AT the annual World Bank-International Monetary Fund Group meeting in Washington, D.C. last week, Finance Secretary Carlos Dominguez 3rd told an audience of credit ratings agency representatives that securing higher credit ratings for the Philippines was only “a secondary concern” for the Duterte administration, the “first priority” being poverty reduction.
The administration has set an ambitious goal – and a welcome one – of reducing the Philippines’ poverty incidence of almost 26 percent now to 17 percent within the six-year term of President Rodrigo Duterte’s. The government intends to do this, Dominguez told the debt watchers, by accelerating spending on pro-poor and growth-friendly programs – including significantly increasing infrastructure spending – to make the Philippines’ sustained economic growth more inclusive.
All three major credit ratings agencies – Moody’s Investor Services, Standard & Poor’s (S&P), and Fitch Ratings – currently give the Philippines ratings that are at or just a step above the lowest investment grade. But all three have recently expressed some misgivings about the direction of the economy and the government’s debt position, thanks in large part to their perception of growing instability as a result of the drug-related killings in the country.
S&P, in fact, got under President Duterte’s skin with an assessment a few weeks ago that concluded possible political instability had raised the Philippines’ risk profile, and that the country’s economic and debt management trajectory over the next two years was unlikely to be impressive enough to justify a ratings upgrade. That analysis, which sounded less like criticism than it did a pointed reminder to the Duterte administration not to neglect its economic policy responsibilities, earned a tart response from the President that the ratings agencies were free to turn their attention elsewhere, and perhaps encouraged Finance Secretary Dominguez to address the matter of ratings directly in Washington.
While the government’s anti-poverty drive is admirable, we would have rather heard Dominguez give the country’s sovereign credit rating a bit more importance than to describe it as a “secondary” consideration.

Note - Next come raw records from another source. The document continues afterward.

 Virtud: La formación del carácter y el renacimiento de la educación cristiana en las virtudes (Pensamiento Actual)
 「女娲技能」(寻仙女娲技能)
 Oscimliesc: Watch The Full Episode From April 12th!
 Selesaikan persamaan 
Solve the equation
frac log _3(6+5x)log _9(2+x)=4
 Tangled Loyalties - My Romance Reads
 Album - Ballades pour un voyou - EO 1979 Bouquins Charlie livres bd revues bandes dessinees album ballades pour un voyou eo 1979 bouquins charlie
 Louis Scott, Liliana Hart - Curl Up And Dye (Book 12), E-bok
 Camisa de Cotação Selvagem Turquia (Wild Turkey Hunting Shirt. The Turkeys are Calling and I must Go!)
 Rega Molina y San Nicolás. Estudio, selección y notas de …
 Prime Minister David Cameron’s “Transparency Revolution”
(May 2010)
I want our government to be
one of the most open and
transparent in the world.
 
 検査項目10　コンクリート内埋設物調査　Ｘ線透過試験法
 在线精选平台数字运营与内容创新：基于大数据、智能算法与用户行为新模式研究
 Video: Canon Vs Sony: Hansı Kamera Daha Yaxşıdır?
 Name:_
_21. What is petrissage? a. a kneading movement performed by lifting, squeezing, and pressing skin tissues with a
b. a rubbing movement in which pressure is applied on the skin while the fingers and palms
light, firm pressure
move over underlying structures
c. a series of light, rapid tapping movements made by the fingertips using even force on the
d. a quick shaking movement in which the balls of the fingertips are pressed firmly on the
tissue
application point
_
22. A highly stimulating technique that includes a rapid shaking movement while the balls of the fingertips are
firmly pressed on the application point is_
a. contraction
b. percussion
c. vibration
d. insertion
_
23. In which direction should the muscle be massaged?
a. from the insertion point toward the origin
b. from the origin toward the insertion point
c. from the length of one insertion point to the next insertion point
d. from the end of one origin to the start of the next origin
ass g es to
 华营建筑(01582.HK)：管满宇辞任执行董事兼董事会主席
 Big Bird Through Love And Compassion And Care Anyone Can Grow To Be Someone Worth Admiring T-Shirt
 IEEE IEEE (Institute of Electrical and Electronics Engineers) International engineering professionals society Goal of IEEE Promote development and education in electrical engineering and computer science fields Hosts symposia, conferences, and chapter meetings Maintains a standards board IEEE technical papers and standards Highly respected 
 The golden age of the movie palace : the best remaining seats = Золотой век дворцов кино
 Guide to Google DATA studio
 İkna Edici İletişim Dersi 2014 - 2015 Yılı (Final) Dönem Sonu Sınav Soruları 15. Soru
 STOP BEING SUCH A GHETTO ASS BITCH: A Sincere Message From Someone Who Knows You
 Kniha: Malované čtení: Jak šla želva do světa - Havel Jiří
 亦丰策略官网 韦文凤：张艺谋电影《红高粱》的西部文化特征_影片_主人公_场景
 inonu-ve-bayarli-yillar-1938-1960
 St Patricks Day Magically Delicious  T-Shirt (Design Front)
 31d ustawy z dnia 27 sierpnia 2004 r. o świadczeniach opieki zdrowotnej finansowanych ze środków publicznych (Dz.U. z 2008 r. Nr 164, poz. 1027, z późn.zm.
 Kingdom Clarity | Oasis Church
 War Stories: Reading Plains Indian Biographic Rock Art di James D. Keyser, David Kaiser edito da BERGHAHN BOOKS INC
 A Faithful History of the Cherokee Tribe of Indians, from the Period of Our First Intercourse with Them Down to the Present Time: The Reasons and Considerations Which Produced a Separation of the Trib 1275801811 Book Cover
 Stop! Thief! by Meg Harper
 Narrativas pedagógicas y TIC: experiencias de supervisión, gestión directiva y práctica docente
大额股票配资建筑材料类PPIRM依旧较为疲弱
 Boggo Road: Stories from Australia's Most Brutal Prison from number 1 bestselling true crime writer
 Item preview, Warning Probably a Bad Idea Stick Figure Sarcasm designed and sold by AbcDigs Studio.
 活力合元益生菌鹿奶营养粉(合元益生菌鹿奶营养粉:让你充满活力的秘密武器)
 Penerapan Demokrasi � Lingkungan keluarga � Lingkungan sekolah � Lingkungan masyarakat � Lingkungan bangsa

It should not be more important than economic development to reduce poverty and spread the benefits of a growing economy, of course – but without a strong credit rating, the Duterte administration may find it more difficult to carry out its plans.
With higher credit ratings, the costs of additional debt incurred by the government to fund programs such as infrastructure development becomes lower, and more investors are available to invest in Philippine debt instruments such as government bonds. Even though the Duterte administration has said it will strive to tap the domestic market for debt funding, as Bank of the Philippine Islands (BPI) lead economist Emilio Neri Jr. pointed out during the 48th Finex National Conference on Friday, the government will need to spend some foreign currency for imports. It means that to avoid drawing down its foreign reserves too far, it is likely to issue some foreign currency-denominated debt instruments; in fact, it has already announced plans to do so.
While we do not want to see a return to the days of an administration bewitched by credit ratings upgrades as a measure of the country’s economic strength, we would also like to point out that credit ratings are valuable and important. Dominguez acknowledged to his listeners in Washington that the Philippines has worked hard to achieve stable economic fundamentals, and that the current administration appreciates that state of things. But it would have also been a welcome statement from the finance secretary if he had said that the Duterte government would continue to work to improve the country’s credit standing while it pursues its broader economic agenda. It is a perspective the administrationshould like to take as it looks toward the implementation of its first budget in a few months’ time.